もっと具体的に、自己卑下してしまう人の特徴を知ることができれば、分かりやすいですよね。そこで、自己卑下してしまう人の特徴を紹介します。

認めて欲しいという気持ちが強い


自己卑下するのは、誰かに認めてもらいたいという気持ちが強いからでしょう。自分を下に見せたり、できないことをアピールしたりして、相手に「心配いらないよ」「大丈夫だよ」と言って欲しいという気持ちがあると言えます。

周りの人に励ましてもらったり、褒められたりすることで、自分が認められたような感じがするのでしょう。そして、人から認められることで、自分にも価値があると言われているような気がして、嬉しくなるのかもしれませんね。

マイナス思考でネガティブ


マイナス思考でネガティブな心理が働いてしまうのも、自己卑下してしまう人の特徴でしょう。

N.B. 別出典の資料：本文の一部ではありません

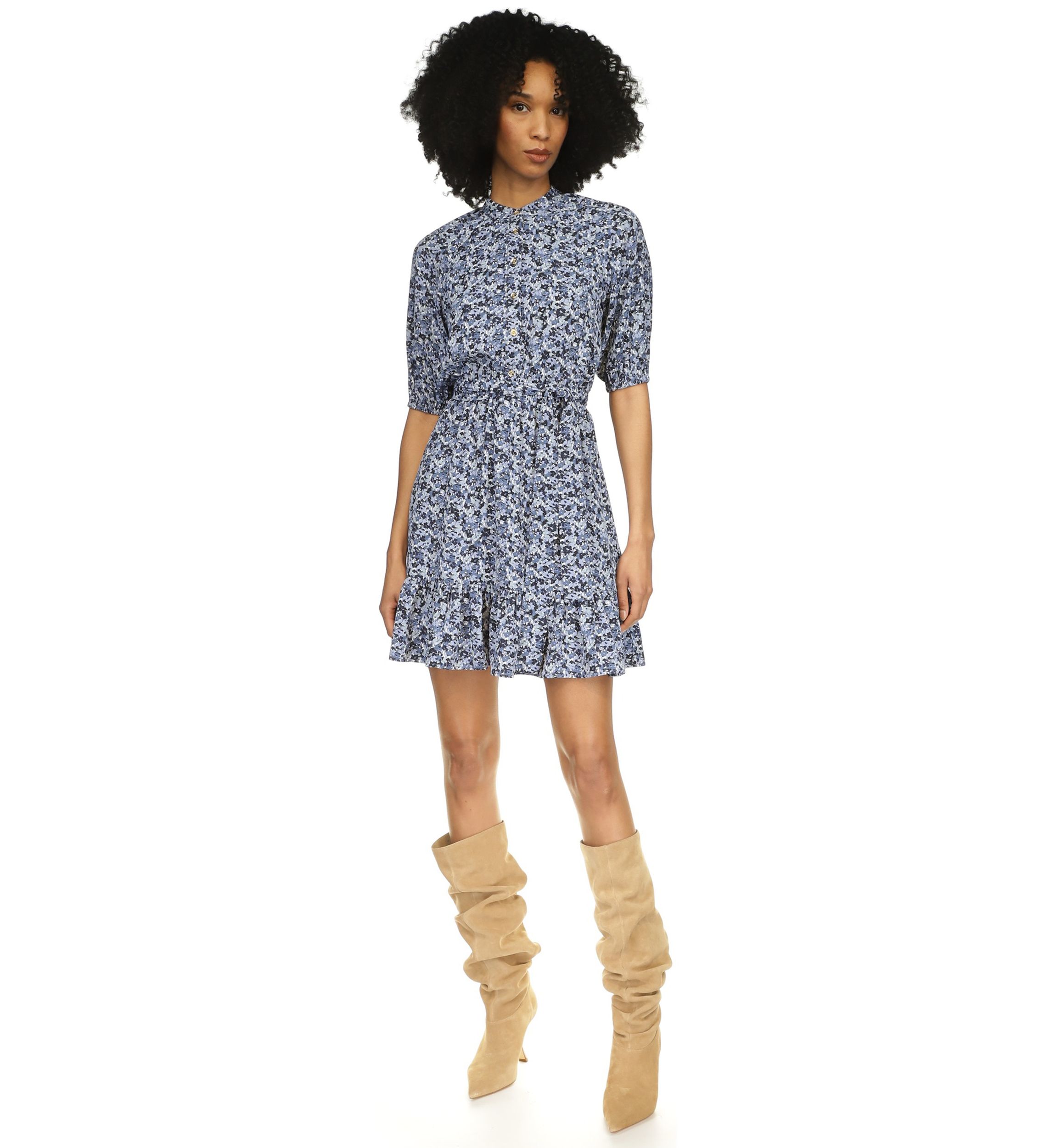 Violas Short Sleeve Midi Dress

どんな時でも何をしていても、「自分が間違っているような気がする」「誰かから責められているような感じがする」というように、何かと悪い方向へ考えを巡らせていると考えられます。

実際には、間違ってもいないし誰からも責められてもいないのに、ついついネガティブな発想をしてしまい、自分のことを卑下してしまうのでしょう。

自分に自信が持てない


自分に自信を持っている人は、コンプレックスや劣等感をバネにして頑張ろうと思えることが多いでしょう。

しかしながら、自己卑下してしまう人は、人より劣っていると思っているので、物事が上手くいっている場合でも「きっと失敗する」「自分はダメだから」と自信を持つことができません。そのため、自分のことを下げるような発言をしてしまうのでしょう。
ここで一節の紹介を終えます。